Work instructions: Every line below that contains the word "cover" must be copied.

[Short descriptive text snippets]

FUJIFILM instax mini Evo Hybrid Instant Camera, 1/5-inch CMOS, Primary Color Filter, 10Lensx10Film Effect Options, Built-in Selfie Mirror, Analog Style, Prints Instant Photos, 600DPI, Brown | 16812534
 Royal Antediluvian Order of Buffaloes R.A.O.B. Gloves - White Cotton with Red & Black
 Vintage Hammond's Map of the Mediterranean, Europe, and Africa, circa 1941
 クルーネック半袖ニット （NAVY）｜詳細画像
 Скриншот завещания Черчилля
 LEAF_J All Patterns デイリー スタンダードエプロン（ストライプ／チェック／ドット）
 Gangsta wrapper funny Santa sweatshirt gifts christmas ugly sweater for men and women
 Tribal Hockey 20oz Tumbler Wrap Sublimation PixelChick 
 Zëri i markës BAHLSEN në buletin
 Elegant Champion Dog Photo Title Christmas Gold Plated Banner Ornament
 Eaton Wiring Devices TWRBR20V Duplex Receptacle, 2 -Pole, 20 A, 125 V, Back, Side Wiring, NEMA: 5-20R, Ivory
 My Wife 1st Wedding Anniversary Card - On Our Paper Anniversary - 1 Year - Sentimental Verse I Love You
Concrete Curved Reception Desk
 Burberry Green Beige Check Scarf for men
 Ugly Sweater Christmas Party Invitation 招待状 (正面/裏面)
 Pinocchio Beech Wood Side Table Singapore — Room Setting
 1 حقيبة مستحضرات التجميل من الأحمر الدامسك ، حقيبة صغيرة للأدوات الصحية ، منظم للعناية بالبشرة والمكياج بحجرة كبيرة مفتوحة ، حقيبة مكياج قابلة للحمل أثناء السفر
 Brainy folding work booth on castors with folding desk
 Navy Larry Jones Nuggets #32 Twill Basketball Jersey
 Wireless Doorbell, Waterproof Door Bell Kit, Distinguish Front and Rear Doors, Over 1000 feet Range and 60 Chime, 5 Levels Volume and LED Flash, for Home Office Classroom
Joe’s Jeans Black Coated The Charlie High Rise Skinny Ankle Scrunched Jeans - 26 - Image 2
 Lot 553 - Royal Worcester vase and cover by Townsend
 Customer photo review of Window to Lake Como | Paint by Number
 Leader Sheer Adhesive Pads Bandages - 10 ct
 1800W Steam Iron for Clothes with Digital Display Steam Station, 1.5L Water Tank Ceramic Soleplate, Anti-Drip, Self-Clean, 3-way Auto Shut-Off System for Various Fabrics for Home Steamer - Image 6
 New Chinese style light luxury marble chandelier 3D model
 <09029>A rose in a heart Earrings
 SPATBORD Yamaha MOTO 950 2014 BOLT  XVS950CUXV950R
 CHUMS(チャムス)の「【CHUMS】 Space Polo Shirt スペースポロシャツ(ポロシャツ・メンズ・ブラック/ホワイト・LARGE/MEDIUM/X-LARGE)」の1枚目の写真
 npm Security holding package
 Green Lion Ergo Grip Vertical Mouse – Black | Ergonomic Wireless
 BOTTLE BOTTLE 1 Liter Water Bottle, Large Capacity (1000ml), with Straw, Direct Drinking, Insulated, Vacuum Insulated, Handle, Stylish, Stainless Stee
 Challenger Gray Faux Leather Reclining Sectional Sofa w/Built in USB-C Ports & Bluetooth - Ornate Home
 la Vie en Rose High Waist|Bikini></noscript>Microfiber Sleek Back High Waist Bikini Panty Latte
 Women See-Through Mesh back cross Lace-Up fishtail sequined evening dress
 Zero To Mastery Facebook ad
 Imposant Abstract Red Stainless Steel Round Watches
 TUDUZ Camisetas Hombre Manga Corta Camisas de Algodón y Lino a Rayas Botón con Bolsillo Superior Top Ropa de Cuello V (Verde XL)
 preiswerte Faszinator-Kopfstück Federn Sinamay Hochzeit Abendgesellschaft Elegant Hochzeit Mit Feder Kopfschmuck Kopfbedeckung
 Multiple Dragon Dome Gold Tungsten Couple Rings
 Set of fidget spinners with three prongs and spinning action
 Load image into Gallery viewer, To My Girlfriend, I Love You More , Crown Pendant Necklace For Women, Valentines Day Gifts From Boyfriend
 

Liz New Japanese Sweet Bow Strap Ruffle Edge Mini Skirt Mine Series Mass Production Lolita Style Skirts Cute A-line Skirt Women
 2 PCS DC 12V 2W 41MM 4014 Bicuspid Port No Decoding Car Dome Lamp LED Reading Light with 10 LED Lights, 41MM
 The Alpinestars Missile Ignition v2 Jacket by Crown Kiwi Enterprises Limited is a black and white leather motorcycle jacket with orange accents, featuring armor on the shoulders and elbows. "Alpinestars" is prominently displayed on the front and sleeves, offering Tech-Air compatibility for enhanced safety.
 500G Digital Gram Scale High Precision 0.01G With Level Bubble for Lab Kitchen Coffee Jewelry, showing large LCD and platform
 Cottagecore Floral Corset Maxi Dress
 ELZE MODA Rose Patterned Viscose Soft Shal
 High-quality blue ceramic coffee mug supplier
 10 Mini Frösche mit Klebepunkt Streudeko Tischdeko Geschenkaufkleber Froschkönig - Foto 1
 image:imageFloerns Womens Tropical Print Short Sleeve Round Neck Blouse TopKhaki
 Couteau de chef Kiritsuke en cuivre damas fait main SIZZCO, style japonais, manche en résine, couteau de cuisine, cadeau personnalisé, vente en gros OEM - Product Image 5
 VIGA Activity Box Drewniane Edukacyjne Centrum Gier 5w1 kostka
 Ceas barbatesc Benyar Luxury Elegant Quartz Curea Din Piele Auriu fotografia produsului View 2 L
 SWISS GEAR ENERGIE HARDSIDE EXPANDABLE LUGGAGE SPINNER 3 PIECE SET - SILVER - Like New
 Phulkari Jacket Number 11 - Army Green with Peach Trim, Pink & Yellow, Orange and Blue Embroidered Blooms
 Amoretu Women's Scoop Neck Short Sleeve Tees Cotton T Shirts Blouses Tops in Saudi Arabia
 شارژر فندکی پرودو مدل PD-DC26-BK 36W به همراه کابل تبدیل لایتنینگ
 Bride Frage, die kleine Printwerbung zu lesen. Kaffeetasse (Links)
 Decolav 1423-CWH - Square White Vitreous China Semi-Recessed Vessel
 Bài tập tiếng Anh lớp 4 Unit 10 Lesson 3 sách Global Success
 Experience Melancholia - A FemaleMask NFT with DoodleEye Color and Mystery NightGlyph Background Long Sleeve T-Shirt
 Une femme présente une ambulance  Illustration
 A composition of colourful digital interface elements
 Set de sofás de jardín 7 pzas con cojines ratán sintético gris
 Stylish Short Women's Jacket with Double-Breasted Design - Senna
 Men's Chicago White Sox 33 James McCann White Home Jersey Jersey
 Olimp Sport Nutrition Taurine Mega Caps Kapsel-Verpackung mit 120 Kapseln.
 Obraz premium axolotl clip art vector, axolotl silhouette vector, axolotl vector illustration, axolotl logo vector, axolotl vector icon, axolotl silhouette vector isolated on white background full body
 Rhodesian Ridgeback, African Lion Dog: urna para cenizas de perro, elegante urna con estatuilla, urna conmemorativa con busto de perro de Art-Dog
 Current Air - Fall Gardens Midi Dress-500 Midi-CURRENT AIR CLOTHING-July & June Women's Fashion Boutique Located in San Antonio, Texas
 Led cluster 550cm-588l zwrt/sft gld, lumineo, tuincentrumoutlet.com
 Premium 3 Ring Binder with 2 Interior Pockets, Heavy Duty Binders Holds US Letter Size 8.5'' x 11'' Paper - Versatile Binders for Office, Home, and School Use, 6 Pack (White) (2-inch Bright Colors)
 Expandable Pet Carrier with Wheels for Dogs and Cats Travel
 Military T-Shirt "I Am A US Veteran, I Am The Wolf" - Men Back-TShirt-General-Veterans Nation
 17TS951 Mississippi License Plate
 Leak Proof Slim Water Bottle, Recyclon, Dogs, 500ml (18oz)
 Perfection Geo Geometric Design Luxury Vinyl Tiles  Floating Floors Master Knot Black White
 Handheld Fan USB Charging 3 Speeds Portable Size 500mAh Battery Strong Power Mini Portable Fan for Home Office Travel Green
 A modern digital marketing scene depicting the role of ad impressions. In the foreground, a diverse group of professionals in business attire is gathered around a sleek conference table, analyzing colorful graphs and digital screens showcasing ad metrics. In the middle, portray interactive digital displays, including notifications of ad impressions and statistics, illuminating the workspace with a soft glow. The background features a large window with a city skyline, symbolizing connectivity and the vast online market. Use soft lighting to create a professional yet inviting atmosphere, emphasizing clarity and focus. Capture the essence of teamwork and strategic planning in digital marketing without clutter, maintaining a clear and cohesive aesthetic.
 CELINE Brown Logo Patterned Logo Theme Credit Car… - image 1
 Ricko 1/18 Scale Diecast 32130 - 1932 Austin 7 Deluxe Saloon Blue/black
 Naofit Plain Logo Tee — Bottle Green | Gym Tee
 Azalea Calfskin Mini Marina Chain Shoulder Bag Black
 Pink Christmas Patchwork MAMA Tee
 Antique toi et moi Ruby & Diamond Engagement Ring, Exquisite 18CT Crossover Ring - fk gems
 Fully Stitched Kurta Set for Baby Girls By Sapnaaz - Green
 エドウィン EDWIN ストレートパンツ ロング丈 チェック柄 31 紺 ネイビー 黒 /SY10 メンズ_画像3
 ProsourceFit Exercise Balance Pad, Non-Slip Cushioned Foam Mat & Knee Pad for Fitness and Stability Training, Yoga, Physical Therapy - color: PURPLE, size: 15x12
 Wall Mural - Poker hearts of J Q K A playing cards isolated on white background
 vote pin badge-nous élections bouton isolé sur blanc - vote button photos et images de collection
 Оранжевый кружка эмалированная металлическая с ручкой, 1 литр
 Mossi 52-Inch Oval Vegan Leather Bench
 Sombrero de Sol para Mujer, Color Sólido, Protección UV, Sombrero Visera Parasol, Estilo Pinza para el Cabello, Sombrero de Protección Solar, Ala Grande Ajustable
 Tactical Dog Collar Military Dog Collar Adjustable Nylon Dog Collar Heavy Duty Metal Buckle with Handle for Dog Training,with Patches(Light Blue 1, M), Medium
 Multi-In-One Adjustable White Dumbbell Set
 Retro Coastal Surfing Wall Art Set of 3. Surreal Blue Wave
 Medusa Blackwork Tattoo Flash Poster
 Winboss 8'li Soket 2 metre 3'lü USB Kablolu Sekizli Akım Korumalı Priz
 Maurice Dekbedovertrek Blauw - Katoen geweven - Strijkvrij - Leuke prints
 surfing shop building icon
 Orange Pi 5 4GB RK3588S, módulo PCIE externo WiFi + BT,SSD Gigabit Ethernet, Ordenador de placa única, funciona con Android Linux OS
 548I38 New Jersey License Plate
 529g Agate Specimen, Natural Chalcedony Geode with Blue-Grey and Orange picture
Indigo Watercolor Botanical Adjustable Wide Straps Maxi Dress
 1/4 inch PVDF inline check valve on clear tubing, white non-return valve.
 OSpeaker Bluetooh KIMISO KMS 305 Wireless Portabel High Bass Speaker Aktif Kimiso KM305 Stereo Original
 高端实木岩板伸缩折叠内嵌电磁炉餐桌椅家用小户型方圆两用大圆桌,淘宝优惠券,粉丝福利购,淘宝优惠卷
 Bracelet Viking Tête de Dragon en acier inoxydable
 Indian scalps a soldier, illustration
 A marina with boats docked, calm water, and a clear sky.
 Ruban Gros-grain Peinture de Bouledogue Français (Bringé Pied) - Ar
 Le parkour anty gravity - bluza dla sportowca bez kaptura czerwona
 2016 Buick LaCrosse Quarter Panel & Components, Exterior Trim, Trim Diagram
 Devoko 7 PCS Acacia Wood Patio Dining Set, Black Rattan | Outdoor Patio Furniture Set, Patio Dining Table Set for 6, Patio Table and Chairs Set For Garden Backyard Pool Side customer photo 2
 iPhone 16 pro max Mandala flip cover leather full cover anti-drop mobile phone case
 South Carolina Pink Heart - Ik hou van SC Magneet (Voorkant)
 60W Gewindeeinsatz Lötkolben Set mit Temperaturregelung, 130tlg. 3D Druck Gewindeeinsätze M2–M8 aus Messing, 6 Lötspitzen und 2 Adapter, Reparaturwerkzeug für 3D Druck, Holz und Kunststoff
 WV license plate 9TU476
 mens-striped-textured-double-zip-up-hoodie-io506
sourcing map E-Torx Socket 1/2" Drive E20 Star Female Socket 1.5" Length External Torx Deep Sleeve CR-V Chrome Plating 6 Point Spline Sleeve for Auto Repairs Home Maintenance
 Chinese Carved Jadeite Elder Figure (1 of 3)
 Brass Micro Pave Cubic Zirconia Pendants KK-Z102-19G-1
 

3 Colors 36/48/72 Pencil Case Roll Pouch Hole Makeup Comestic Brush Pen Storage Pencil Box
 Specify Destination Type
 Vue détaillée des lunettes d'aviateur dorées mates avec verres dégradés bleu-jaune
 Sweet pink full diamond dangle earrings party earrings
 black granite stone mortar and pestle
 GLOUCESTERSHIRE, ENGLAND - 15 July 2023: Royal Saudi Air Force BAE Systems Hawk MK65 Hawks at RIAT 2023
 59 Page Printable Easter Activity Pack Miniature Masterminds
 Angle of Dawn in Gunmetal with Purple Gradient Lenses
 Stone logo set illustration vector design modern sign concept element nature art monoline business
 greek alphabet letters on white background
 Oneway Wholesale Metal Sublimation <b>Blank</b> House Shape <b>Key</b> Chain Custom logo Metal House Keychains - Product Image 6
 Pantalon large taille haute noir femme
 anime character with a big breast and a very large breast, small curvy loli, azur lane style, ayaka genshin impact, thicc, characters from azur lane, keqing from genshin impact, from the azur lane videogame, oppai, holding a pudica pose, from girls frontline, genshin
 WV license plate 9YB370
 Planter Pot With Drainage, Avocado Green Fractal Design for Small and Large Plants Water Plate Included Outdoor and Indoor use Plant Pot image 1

Solution to this task:
 Lot 553 - Royal Worcester vase and cover by Townsend
 iPhone 16 pro max Mandala flip cover leather full cover anti-drop mobile phone case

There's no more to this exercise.